There's no shame in honesty.
 
If I didnt want "more"....horses and the acreage to keep them, I could easily take a job making half of what I make...a much easier job too. Or just work part time.

So if you want to take even more of my money to give to people that can work but wont...you can forget it.

I work my butt off to earn 'more'. If people dont want 'more,' let them work less but not expect 'more' from me.

Maybe we should look at the people cyclically, habitually, on welfare in this country and see where they land in terms of their 'hobbies,' are they similar to the man in the example in Finland? What, if polled, do you think they would say they would like to contribute to society if they didnt have to work?

Actually, if correctly structured, the guaranteed minimum income would probably reduce government spending, free employees from inefficient labour in the public sector into the private sector and improve the socioeconomic ootimum of the society.
 
Actually, if correctly structured, the guaranteed minimum income would probably reduce government spending, free employees from inefficient labour in the public sector into the private sector and improve the socioeconomic ootimum of the society.

So then who's doing the inefficient labor in the public sector?
 
You don't get it. Even as our labor participation rate has become less, our productivity rate has steadily risen. The only possible explanation for that is either working the people many, many more hours...or investing in automation. The answer is the latter.

Except what you are alleging isn't true. Productivity is starting to fall.
 
So then who's doing the inefficient labor in the public sector?

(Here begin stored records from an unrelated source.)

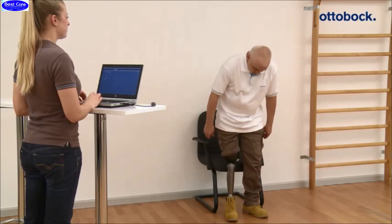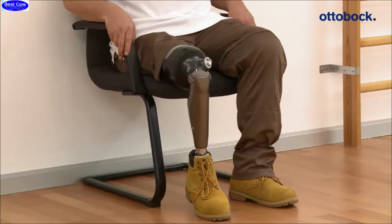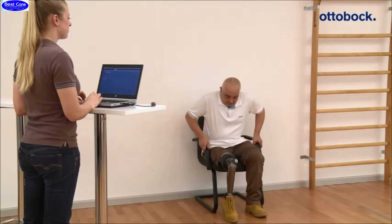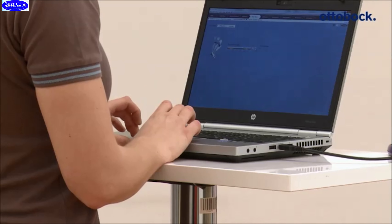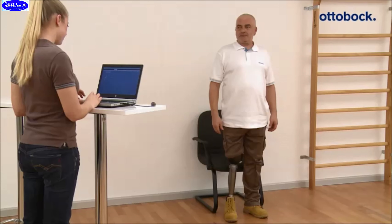First, the adjusted stance flexion resistance is checked while performing a sitting-down movement. The patient should be able to load the prosthesis while sitting down. The flexion velocity should meet the patient's needs and can be adjusted via the adjustment software.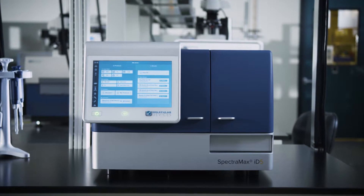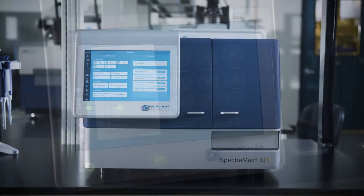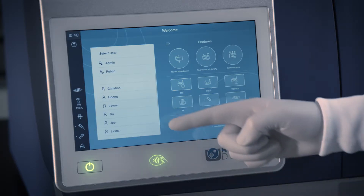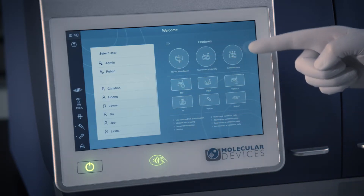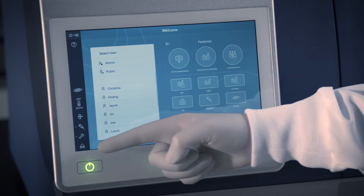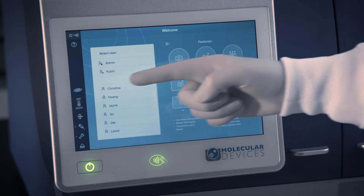Welcome to your new SpectraMax ID multi-mode microplate reader powered by Softmax Touch software. The easy-to-use touchscreen interface will help you get to your results faster. The welcome page offers you the option to log in to your personal home page, learn about the features your instrument is capable of performing, or access instrument settings.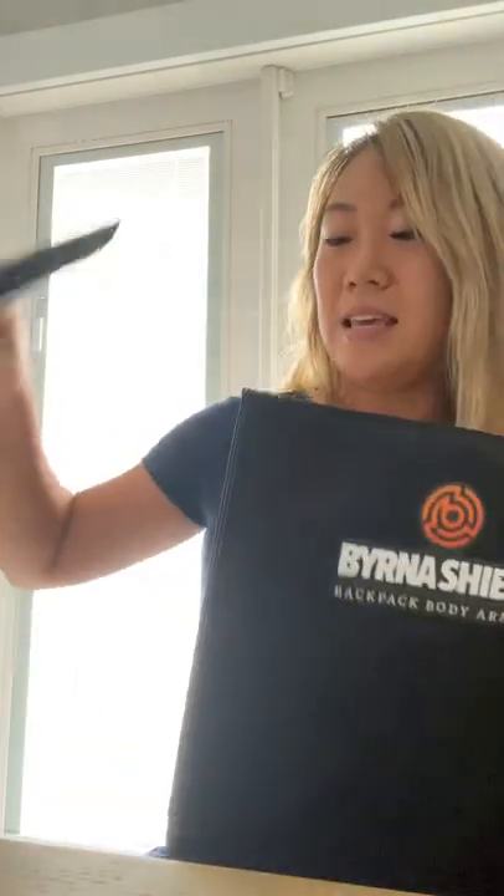These are the shields and let me just tell you how lightweight they are — it's awesome. Way lighter than the metal plates that I have in my backpack right now. I have an active shooter backpack in the classroom, but they're so heavy and I have two of them. It ends up being about 45 pounds in the backpack along with other equipment. These ones are so lightweight.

Well, compared to what would be a question. But regarding a situation of a GMI or Negative Tax you would no longer have all the public employees doing redistributive jobs such as poverty housing management and means testing for programs no longer needed. Compared to the very simple mechanism of redistribution via GMI or NT these persons are inefficiently employed now.
 
Well, compared to what would be a question. But regarding a situation of a GMI or Negative Tax you would no longer have all the public employees doing redistributive jobs such as poverty housing management and means testing for programs no longer needed. Compared to the very simple mechanism of redistribution via GMI or NT these persons are inefficiently employed now.

You avoided the question. Who would be doing the "inefficient labor?"
 
Except what you are alleging isn't true. Productivity is starting to fall.

1 - you provided no proof.

2 - even if there was a current indication of a downturn of productivity, that's NO indication of a long-term trend since any such measures will show ups and downs. The important measurement is the long-term trend.
 
A basic income for everyone? Yes, Finland shows it really can work

Excerpt:


We are a nation that feels just giving money away is somehow backward or even useless. People are people, and if they don-wanna-werk, then they wont regardless of the money shoveled at them for free.

Perhaps that's a vestige of two-centuries ago when working had a mystical almost-religious air about it. Most of America was considered a "haven free from religious persecution", which was rampant at the time in Europe. (The16th century.)

Of course, we've evolved (supposedly) since then! We no longer fight over Religion but the one over political persuasion is nonetheless vigorous. At least in breath, and thankfully not in bullets.

Which simply goes to show how, as human beings, we have evolved. We no longer kill one another, but we do turn a blind-eye to the 46 million of our population who live below the Poverty Threshold. Not quite the same as slaughtering people in battle though, is it.

A MIT study of the matter (see here) did come up with the basic facts, however. Which are these:

"So, what! That's the way the cookie crumbles" - some will say.

Of course, those who do think in that manner are the ones who are typically earning far better incomes - so why, indeed, should they care that a Basic Income can extend livespans?

They have far more important matters to concern them. Like today's DJ-value ...

I would agree with the general idea of basic income, after much public discussion and fine-tuning.

But your claim that 'we no longer kill one another' is far removed from reality.